Records for this exercise:

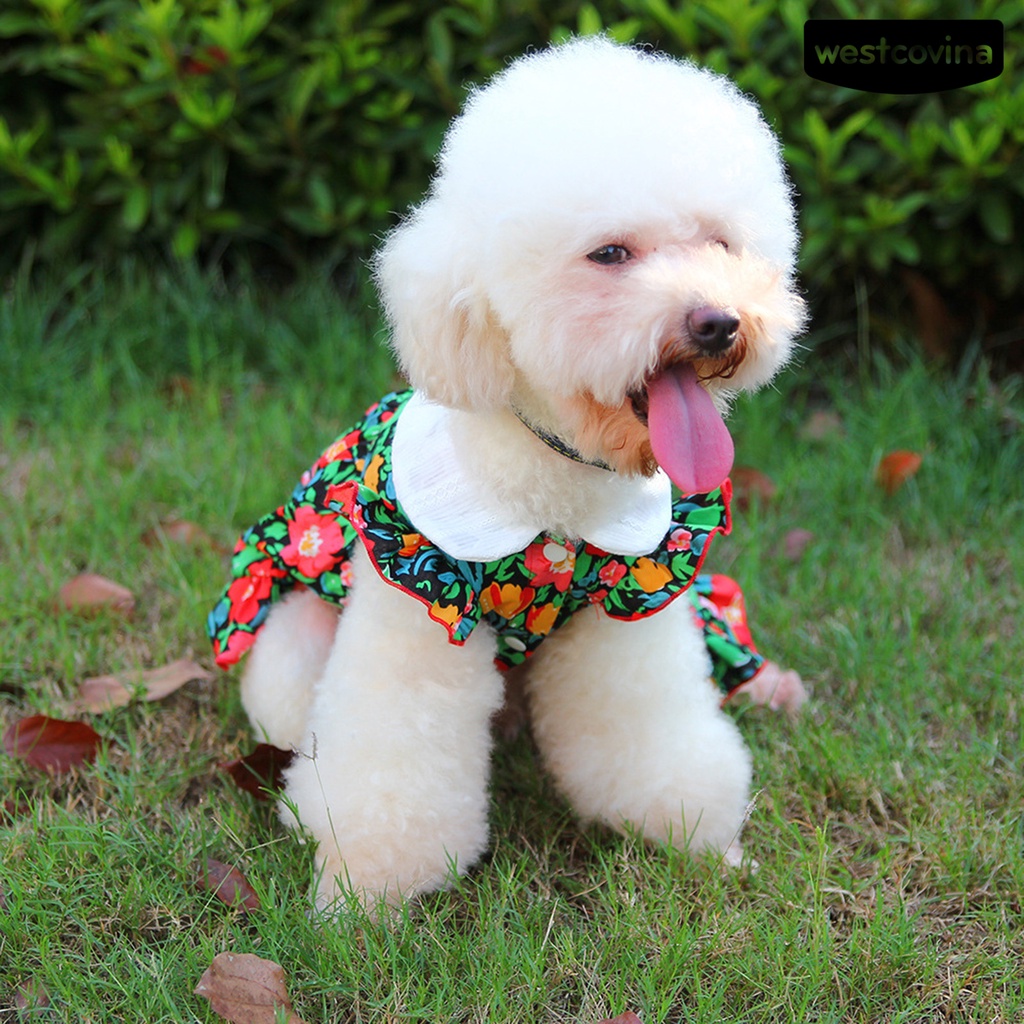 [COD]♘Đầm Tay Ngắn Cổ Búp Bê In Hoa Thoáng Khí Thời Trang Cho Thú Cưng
---
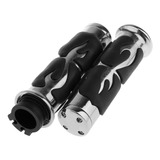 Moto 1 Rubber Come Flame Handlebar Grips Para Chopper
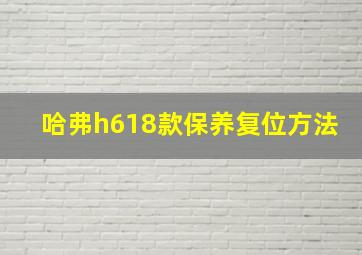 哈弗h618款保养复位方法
* * *
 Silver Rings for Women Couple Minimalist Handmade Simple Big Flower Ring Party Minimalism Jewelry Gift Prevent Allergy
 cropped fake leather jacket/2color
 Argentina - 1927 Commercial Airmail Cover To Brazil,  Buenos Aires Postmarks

Task brief: Return word for word the lines above from the line with "Silver Rings for" to the line with "Argentina - 1927", including both and leaving out all others.

Solution to this task:
 Silver Rings for Women Couple Minimalist Handmade Simple Big Flower Ring Party Minimalism Jewelry Gift Prevent Allergy
 cropped fake leather jacket/2color
 Argentina - 1927 Commercial Airmail Cover To Brazil,  Buenos Aires Postmarks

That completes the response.